_Source material:_

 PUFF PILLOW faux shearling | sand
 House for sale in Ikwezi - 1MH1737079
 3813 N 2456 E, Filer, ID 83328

* * *

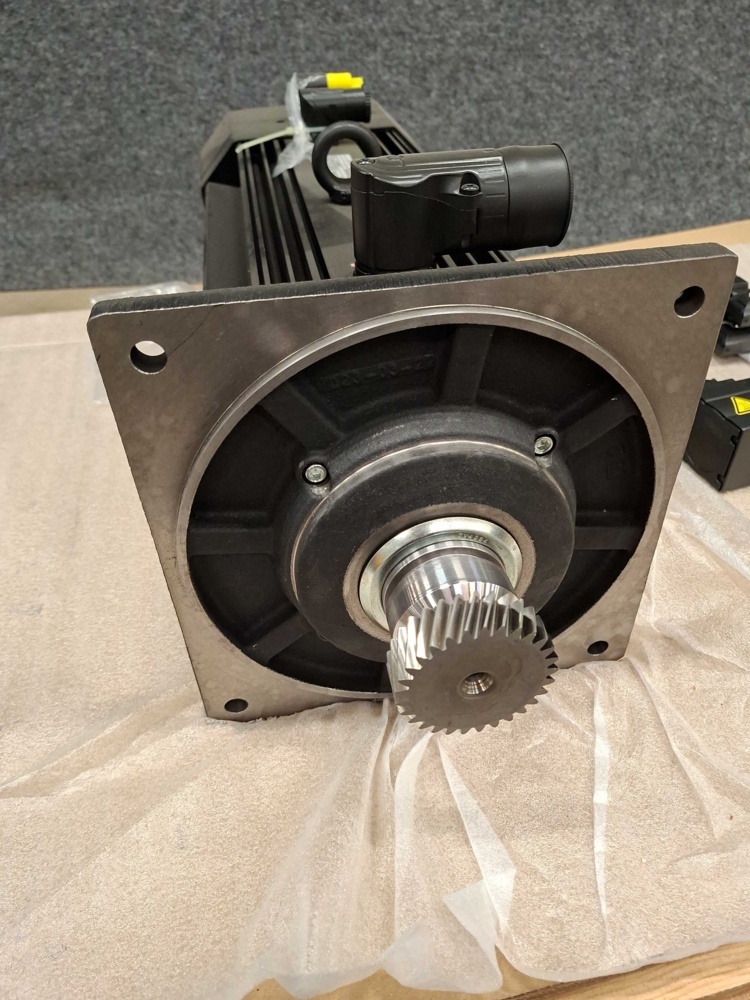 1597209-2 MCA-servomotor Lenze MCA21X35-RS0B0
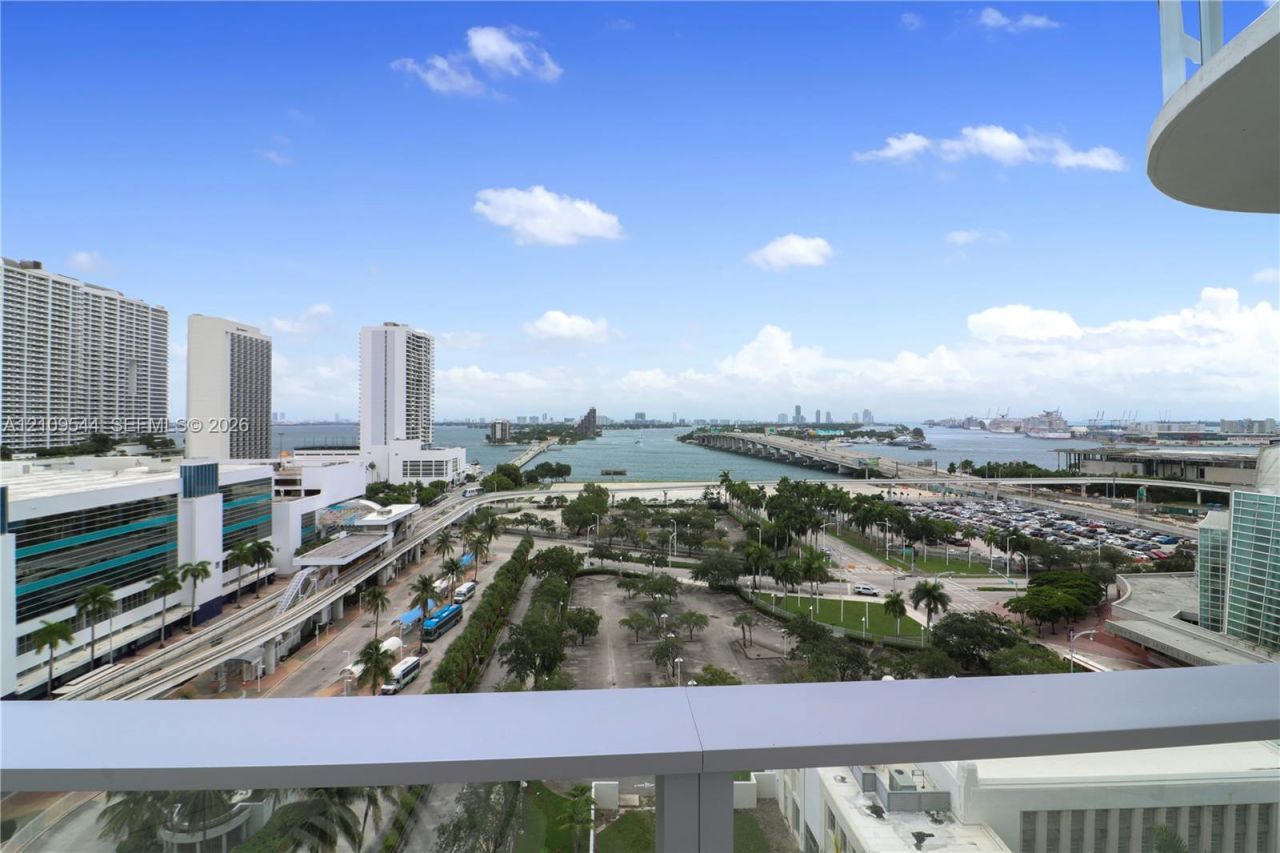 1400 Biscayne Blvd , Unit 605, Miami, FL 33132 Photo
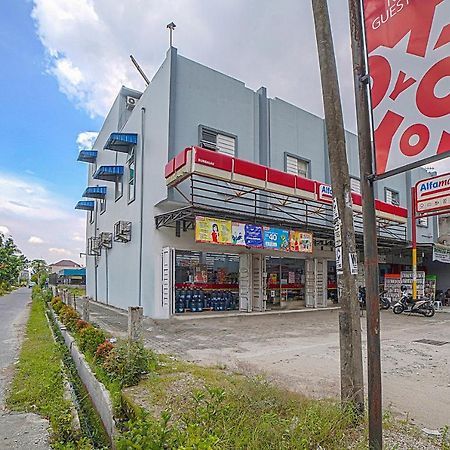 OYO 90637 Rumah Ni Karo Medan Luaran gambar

_Work instructions:_ In the entries above, the lines between the one holding "PUFF PILLOW faux shearling | sand" and the one holding "3813 N 2456 E, Filer, ID 83328", inclusive, are to be printed exactly as written, and those alone.

_Output of the task:_
 PUFF PILLOW faux shearling | sand
 House for sale in Ikwezi - 1MH1737079
 3813 N 2456 E, Filer, ID 83328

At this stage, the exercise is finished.